• WHAT NEEDS TO BE DONE
Examine the entries and show every line in which the word "thumbnail" is found.

───── MATERIAL TO PROCESS

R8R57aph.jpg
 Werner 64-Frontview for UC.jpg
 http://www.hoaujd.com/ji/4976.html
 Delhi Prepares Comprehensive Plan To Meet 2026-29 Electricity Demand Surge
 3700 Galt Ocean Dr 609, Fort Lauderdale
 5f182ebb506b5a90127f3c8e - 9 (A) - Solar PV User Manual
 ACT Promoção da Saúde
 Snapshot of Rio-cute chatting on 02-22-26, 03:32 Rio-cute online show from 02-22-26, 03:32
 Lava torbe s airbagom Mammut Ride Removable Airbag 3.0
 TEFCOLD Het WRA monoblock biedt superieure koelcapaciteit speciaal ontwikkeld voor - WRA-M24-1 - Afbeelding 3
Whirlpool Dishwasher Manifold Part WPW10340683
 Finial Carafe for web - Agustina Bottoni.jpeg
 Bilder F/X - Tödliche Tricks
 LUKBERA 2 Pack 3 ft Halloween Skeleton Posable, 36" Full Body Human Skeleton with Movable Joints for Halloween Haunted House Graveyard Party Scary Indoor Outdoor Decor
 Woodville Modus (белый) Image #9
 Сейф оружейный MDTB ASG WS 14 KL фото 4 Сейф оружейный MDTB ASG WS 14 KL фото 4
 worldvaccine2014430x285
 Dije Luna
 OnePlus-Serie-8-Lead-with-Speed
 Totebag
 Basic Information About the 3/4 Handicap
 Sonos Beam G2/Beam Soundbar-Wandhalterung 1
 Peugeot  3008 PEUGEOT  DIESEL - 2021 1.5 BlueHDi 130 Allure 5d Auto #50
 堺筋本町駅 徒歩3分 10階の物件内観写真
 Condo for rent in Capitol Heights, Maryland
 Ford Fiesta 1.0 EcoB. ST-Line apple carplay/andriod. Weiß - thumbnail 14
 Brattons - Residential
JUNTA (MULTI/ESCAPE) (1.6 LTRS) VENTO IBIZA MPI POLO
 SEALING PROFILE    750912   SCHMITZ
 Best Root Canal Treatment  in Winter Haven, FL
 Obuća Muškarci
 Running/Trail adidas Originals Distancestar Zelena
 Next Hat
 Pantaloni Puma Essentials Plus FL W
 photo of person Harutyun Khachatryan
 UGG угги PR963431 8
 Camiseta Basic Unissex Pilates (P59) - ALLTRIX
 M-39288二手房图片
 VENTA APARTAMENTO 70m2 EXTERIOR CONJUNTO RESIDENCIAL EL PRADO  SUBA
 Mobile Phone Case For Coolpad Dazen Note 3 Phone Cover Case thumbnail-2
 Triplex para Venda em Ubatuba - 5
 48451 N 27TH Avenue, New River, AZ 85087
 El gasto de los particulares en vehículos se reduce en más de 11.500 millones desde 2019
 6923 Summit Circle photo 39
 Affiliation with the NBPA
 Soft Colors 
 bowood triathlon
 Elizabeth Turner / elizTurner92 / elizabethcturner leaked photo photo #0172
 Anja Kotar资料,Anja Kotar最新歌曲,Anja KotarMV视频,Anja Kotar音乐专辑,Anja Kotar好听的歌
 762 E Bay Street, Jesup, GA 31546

──────────

• SOLUTION TO THE EXERCISE
 Ford Fiesta 1.0 EcoB. ST-Line apple carplay/andriod. Weiß - thumbnail 14
 Mobile Phone Case For Coolpad Dazen Note 3 Phone Cover Case thumbnail-2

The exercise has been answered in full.